Filha, a partir de hoje escreverei para você. Cartas que sempre escrevi mentalmente, porém agora as escrevo aqui, as deixo registradas e guardadas, para que um dia você possa ler.
Hoje é quarta-feira, 06 de abril de 2016. São 12:44. Está nublado e chove. Ontem você foi a Cachoeira para casa de seu pai, toda de princesa.
Estou só. Com enorme nó na garganta. Choro muito.
<Agora num dia em que eu choro, eu tô chovendo muito mais do que lá fora, lá fora é só água caindo enquanto aqui dentro cai a chuva>.
Tem um sol timidamente tentando aparecer entre as nuvens cinzas. Dá até pra ver um pouco do céu azul.
Tem uma esperança tentando aparecer timidamente entre a melancolia. Dá até pra ver um pouco de vida.
Penso em morte. Penso na minha vó: velha, cansada, cheias de limitações, pedindo para morrer. Penso na minha própria morte. Me vejo sem perspectivas, acho que não tenho mais jeito, que danou-se. Me sinto sendo consumida.
Por que não consigo resolver meus problemas? Por que preciso depender dos outros? Por que preciso pedir, implorar, humilhar-me? Isso pode ser orgulho. Pode ser ego. Pode ser vitimização. Pode ser vaidade. Só sei que isso me dói a cabeça. Me consome.
In mim há uma explosão de sentimentos, idéias e potências. Mas permanece In mim. Me sinto impedida de potencializar tais potências. De materializar as idéias. Preciso me desescolarizar. Quanto aos sentimentos: vida que segue.
<estar sozinho quando estar sozinho e só estar sozinho quando estar sozinho e só>.
Sabe filha, tenho muita vontade de jogar tudo pro alto: vender todos estes móveis, roupas, sapatos, computador, e me jogar no mundo.

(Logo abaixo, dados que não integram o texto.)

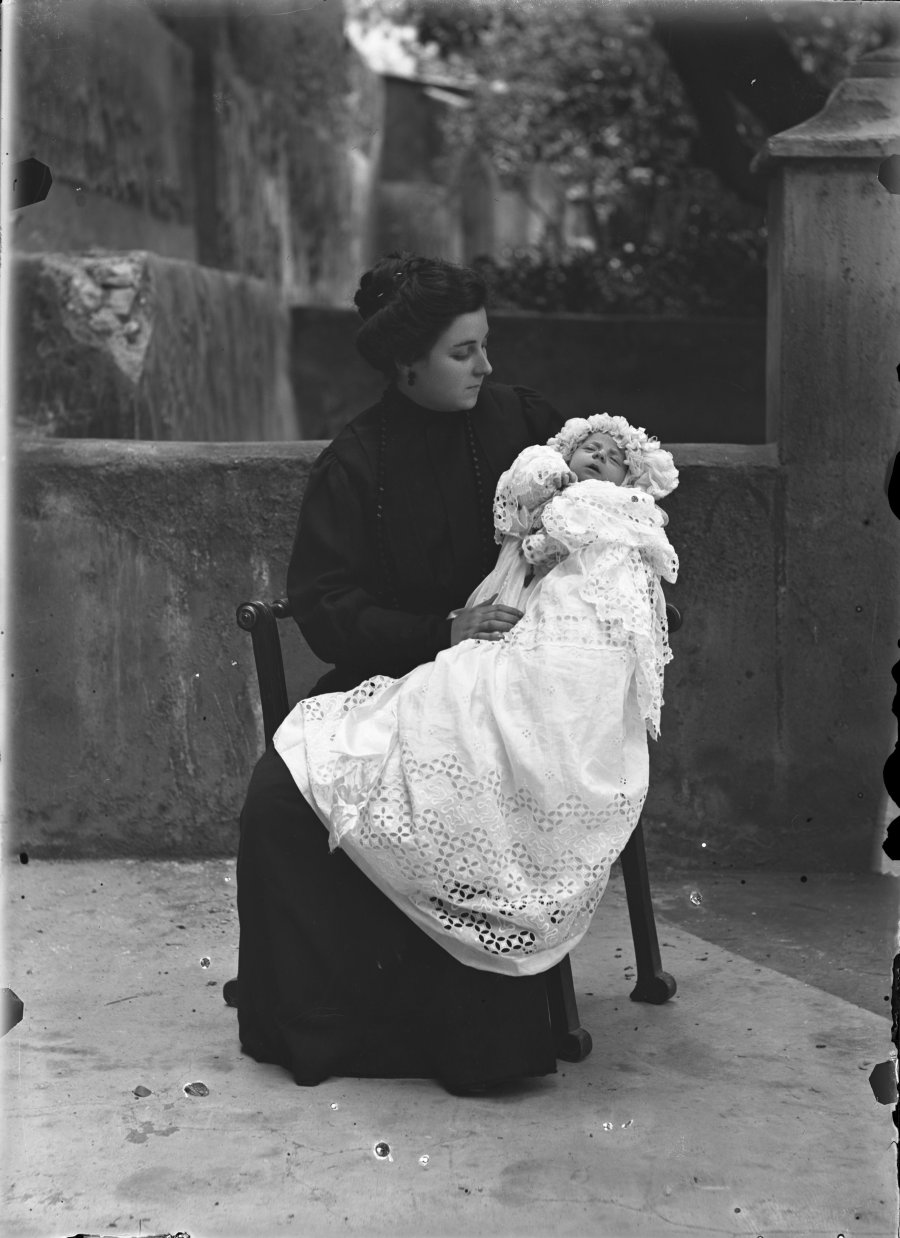 Retrato en exterior de una mujer joven sentada con bebé en el regazo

Mas, e você?
Tenho muita vontade de me matar. Mas, e você? Você tão pequena e feliz, não merece que eu enlouqueça, que eu morra, que eu fuja.
Eu tento <manter a espinha ereta, o coração e a mente tranquilos>. Mas, não está sendo fácil. Tampouco a morte “resolveria”. Sendo bem egoísta, resolveria apenas para mim.
O suicídio é coragem e covardia num mesmo ato. Tomar uma atitude e decisão de dar fim a própria vida, mesmo que por um In-pulso, requer coragem.
Covardia por não enfrentar os problemas. Os problemas sempre têm soluções, senão não há problemas. Isso é lógica.
Eu tenho a consciência do que fazer e estou fazendo. Sei que mais pra frente os resultados irão aparecer, que as coisas vão se ajeitar. Mas os beats e os poetas marginais têm razão: o aqui e o agora.
E o aqui e o agora me desespera. Me devora. Me cansa. Me desconcentra. Me angustia. O que me resta? Me consolar com um possível futuro promissor? Sacrificar todo meu presente? Até quando me perderei nesta rua sem saída? Quantos passos são precisos para pular o muro?
Eu sinto muito. Nas costas, ombros, cabeça. E como quero me livrar disso.
<quero explodir as grades, e voar… suspender a queda livre, libertar>.
Mas aí eu penso em você, Maria Alice. Lembro de você toda feliz de princesa. Toda feliz que ia ver o papai. Penso que daqui a seis dias estaremos juntas, dormiremos abraçadas, você pegando no meu cabelo. Que vamos dançar e cantar juntas. Molhar as plantas. Arrumar a casa. Cozinhar, fazer bolo. Tomar banho juntas. Vamos ler. Comer pipoca. Passear. Tudo que sempre fazemos. Que me ocupa com alegria e amor. E aí, já penso em vida. Esqueço essa besteira de suicídio ou de cair no mundo. O suicídio sempre deixa culpa e tudo que eu quero é desculpar.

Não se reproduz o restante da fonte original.